‘I don’t care what the world thinks of Aashayein’
John Abraham has two things at the moment that is keeping him busy and excited.
The first one is his participation with UTV’s latest youth movement called Ungli Utao Bindaas, that aims to encourage youth to vote in the forthcoming elections. The UTV Bindass movement also plans to take issues like global warming and corruption to the youth and initiate a change.
So what prompted him to take up the above cause? “Two reasons,” he shoots. “One is because of my long association with UTV. I was very honoured when Ronnie Screwvala approached me for this drive. Also, I believe I have a strong connect with the youth. I come from a middle-class family and somewhere they see a connection,” he says.
But while it is important to vote, does he believe we have the kind of political candidates whom we’d like to see leading out country? “That’s an important question. What is interesting is that through their website, UTV is recommending some names of candidates after checking on their credentials. So you at least won’t have people with criminal background and so on,” he says. On whether the drive will also encourage youngsters to be part of the change by joining politics, he says, “Er…we’d like to take one step at a time. So the initiative this time around is to get as many youngsters to vote.”
Somewhere John’s eagerness to attach himself to a worthy cause is reflected in his choice of films and filmmakers as well, where in spite of his career never really being exactly secure, he has supported directors like Anurag Kashyap and Nagesh Kukunoor. He didn’t resent the backlash that came to him after No Smoking and instead backed Kashyap. Today, the director has vindicated himself with Dev D, how does that feel, “I have always taken chances, even when the need to take them was not perceived at all. After Dev D, I’m in a ‘I told you so…’ phase. Now I have people who tell me that they saw No Smoking and it wasn’t bad at all. There’s renewed interest for the film and all I tell them is “I told you so’,” he says.
There was recently talk about Anurag and him coming together for another film called Bombay Velvet. “Anurag and I will work with each till the last day of our lives. Bombay Velvet is a very exciting film…it’s still in the planning stages though,” he informs us.

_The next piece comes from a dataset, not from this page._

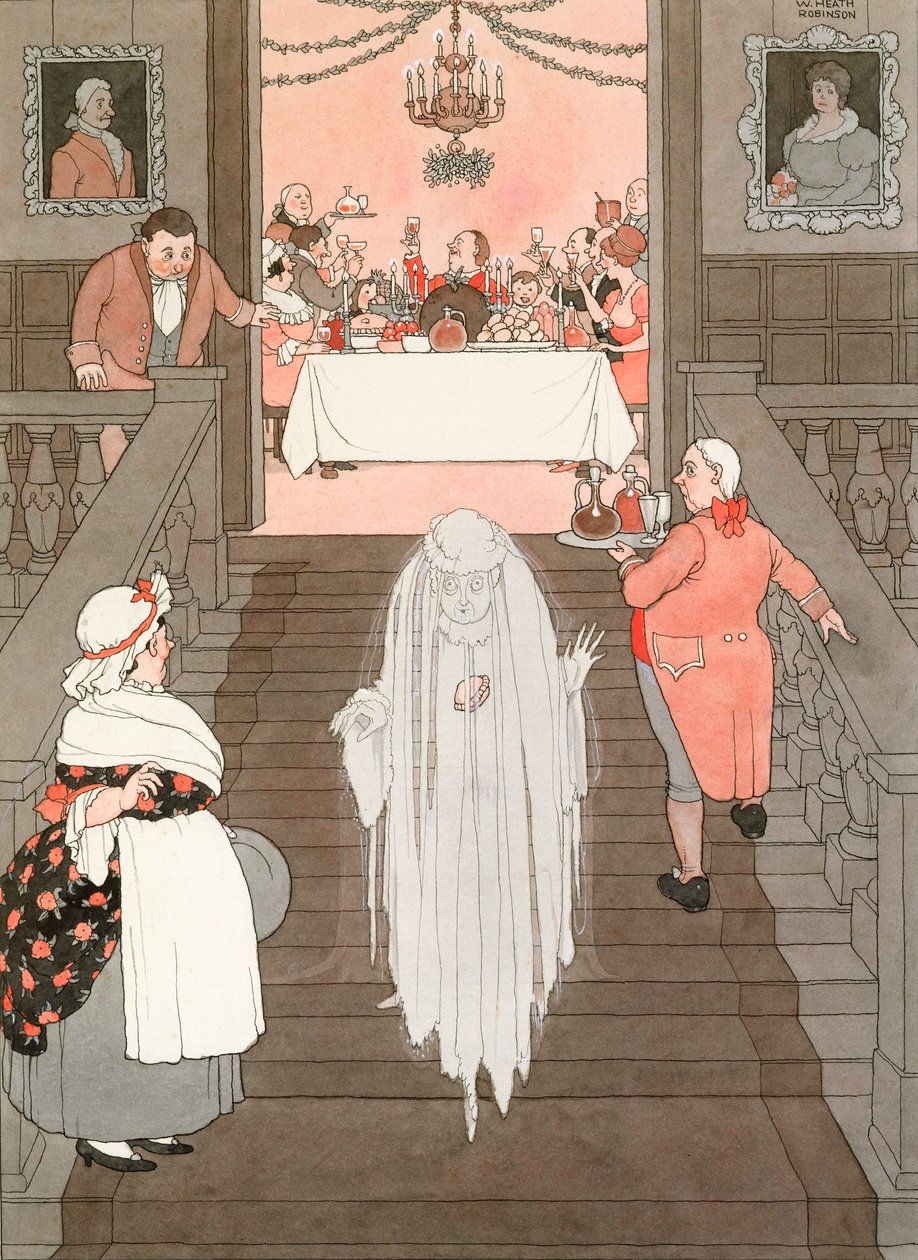 The Ghost and the Mince Pie, 1941 (pero, inkoust a wc) od William Heath Robinson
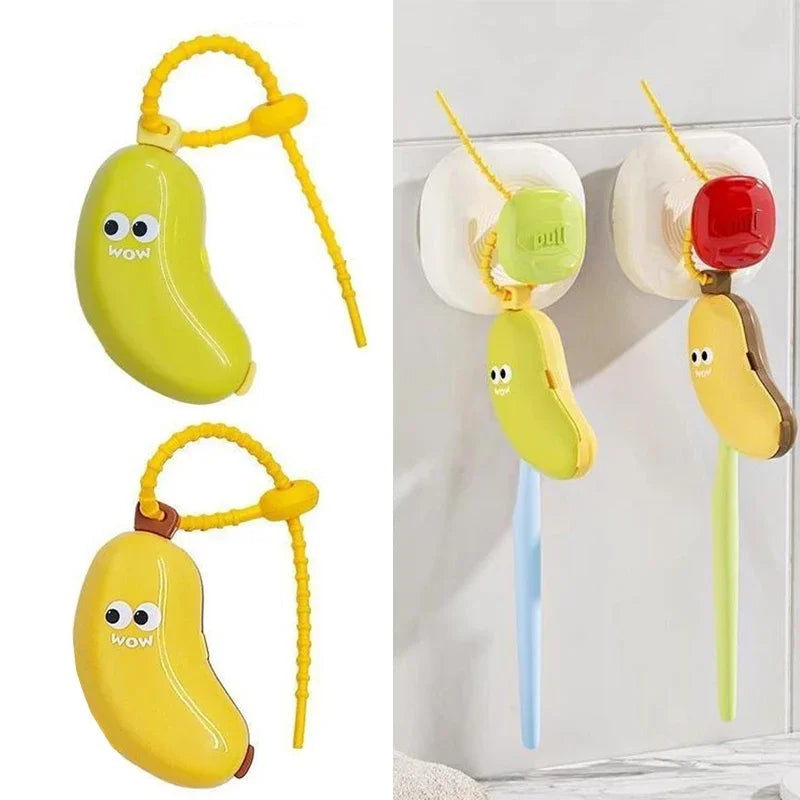 Banana Toothbrush Head Protective Cover With Toothpaste Compartment Toothbrush Dust Clamp Portable Travel Style Storage Box Oasis Select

His last film, Dostana where he flaunted his oh-so-sexy body had the nation swooning over his looks. While the film reiterated the fact that John is indeed one of the country’s hottest man, it did nothing for him as the actor. In fact, his pin-up boy image seems to be working against him in some ways. Ask him this and he accedes, “You know, when Karan offered me Dostana, I asked him precisely this. I said, ‘People already think of me in a certain way and this is only going to reinforce that perception’ That’s when Karan said, ‘But cinema is all about body and face. Acting is a visual medium. Looks are always going to come in your way, so use it to your advantage and gradually you can take on stronger roles and make a mark as an actor’ So I’m not going to fight my pin-up boy image and honestly, I don’t have a problem with it,” he says.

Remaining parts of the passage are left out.